Open source release of the evaluation benchmark suite described in "Realistic Evaluation of Deep Semi-Supervised Learning Algorithms"
Switch branches/tags
Nothing to show
Clone or download
avital Merge pull request #5 from DoctorKey/eval_bug
Don't accidentally skip every other batch during evaluation.
Latest commit 88df610 Nov 14, 2018

README.md

realistic-ssl-evaluation

This repository contains the code for Realistic Evaluation of Deep Semi-Supervised Learning Algorithms, by Avital Oliver*, Augustus Odena*, Colin Raffel*, Ekin D. Cubuk, and Ian J. Goodfellow, arXiv preprint arXiv:1804.09170.

If you use the code in this repository for a published research project, please cite this paper.

The code is designed to run on Python 3 using the dependencies listed in requirements.txt. You can install the dependencies by running pip3 install -r requirements.txt.

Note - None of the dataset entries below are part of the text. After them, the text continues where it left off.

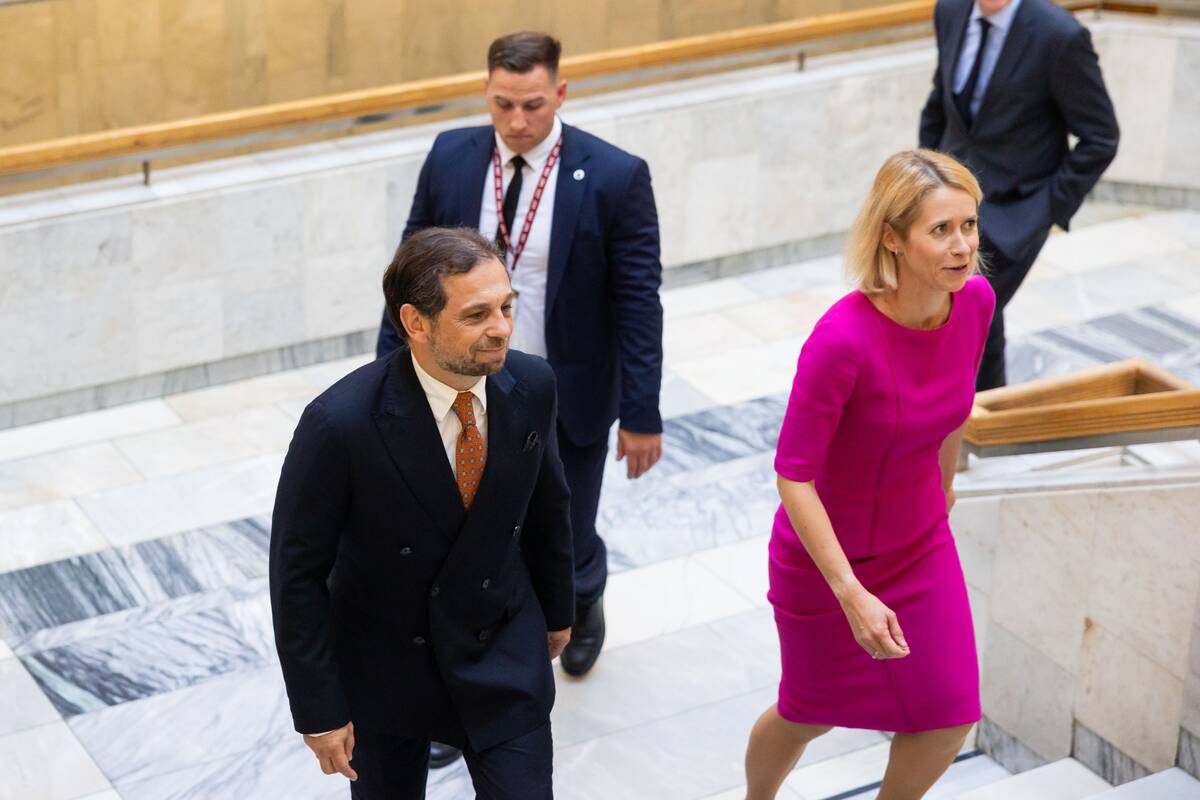 Prezidentas ir premjeras susitiko su Kaja Kallas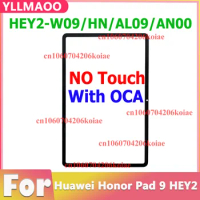 Outer Cover +OCA For HUAWEI Honor Pad 9 HEY2 HEY2-W09 HEY2-AN09 HEY2-AL09 Front Touch Glass Screen Replacement Repair Parts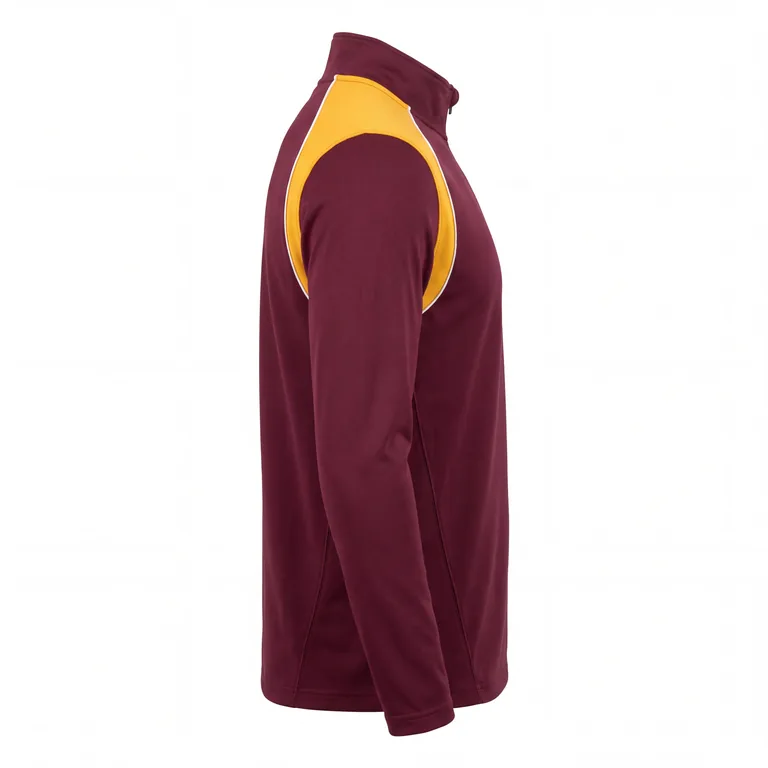 Football Quarter-Zips FB-012, left view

The latest version of this repository can be found here.

Prepare datasets

For SVHN and CIFAR-10, we provide scripts to automatically download and preprocess the data. Run those scripts as follows:

python3 build_tfrecords.py --dataset_name=cifar10
python3 build_tfrecords.py --dataset_name=svhn
python3 build_tfrecords.py --dataset_name=imagenet_32

Final accuracy numbers for semi-supervised learning can vary significantly based on which labels from the training set are retained. We specify which images should have their labels retained via "label maps". This codebase is distributed with the label maps we use in our paper in the data/ subdirectory. If desired, you can generate new label maps by using the build_label_map.py script, but note that in doing so you will not be able to reliably compare your results to others (such as our own) which are based on different label maps.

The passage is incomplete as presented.